Its brief, distinct from other countries, is looking to trial a digital currency that would be expressly built on blockchain technology, rather than a centralized protocol.
According to a July 3 report from the English-language daily Viet Nam News, Prime Minister Phạm Minh Chính announced the initiative as part of his wider e-government development strategy. The central bank is expected to work on the development and implementation of the pilot from 2021 to 2023.
Vietnamese politicians’ embrace of blockchain technologies, in principle, remains distinct from their broad hostility to the decentralized currencies that have popularized the underlying protocols. The country banned Bitcoin (BTC) in 2018 as a means of payment while retaining individuals’ and enterprises’ rights to privately invest in crypto.
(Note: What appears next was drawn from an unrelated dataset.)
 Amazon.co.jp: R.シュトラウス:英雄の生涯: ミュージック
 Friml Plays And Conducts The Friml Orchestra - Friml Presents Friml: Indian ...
The ban was soon followed by a directive to credit institutions to restrict services provided to digital currency-related activities in order to mitigate money laundering risks. Despite both moves, there has not been a formal regulatory framework in place for crypto exchanges operating in the country.
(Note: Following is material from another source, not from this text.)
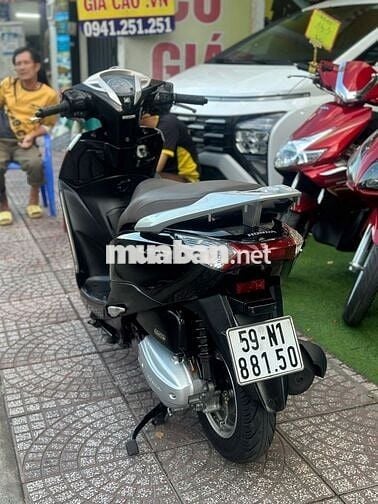 Honda Lead Đen 15430 km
Since spring 2020, this hostile but relatively off-hands approach has begun to shift. In May of that year, Vietnam’s Ministry of Finance agreed to establish a research group charged with studying and making policy proposals regarding cryptocurrencies and digital assets. That group, which includes the State Bank, also includes the country’s securities regulator, the Department of Banking and Financial Institutions, the General Department of Vietnam Customs and others.
Huỳnh Phước Nghĩa, deputy director of the Institute of Innovation at the University of Economics Ho Chi Minh City (UEH), told reporters that as cashless payments continue to increase in the country, recognition of digital currencies by the State Bank would help to further accelerate this process. In Nghĩa’s view, “Digital money is an inevitable trend” and conducting the pilot will help the government assess the pros and cons of various approaches and to explore appropriate management mechanisms.
Another interviewee, Lê Đạt Chí, who is deputy head of UEH’s Finance Faculty, stressed that acting fast would be necessary for the country to be competitive as momentum behind CBDCs continues to grow.
Viet Nam News contends that CBDC issuance could be useful for smaller countries in a global system dominated by the U.S. dollar, and, to a lesser extent, the euro and yen. Chí, however, in addition to calling for an acceleration of CBDC study and development, stressed potential risks for the country’s financial and monetary security. A representative from NextTech Group of Technopreneurs — a group of companies focused on digitized commerce across Southeast Asia — argued that it is necessary for Vietnam to determine an official definition for cryptocurrency.
Prior to the government setting up its research group in May 2020, Vietnamese police officials urged citizens not to participate in crypto investment schemes. This March, Vietnam’s Ministry of Finance itself warned the public about the risks of cryptocurrency investment, given the industry’s still-unregulated status in the country.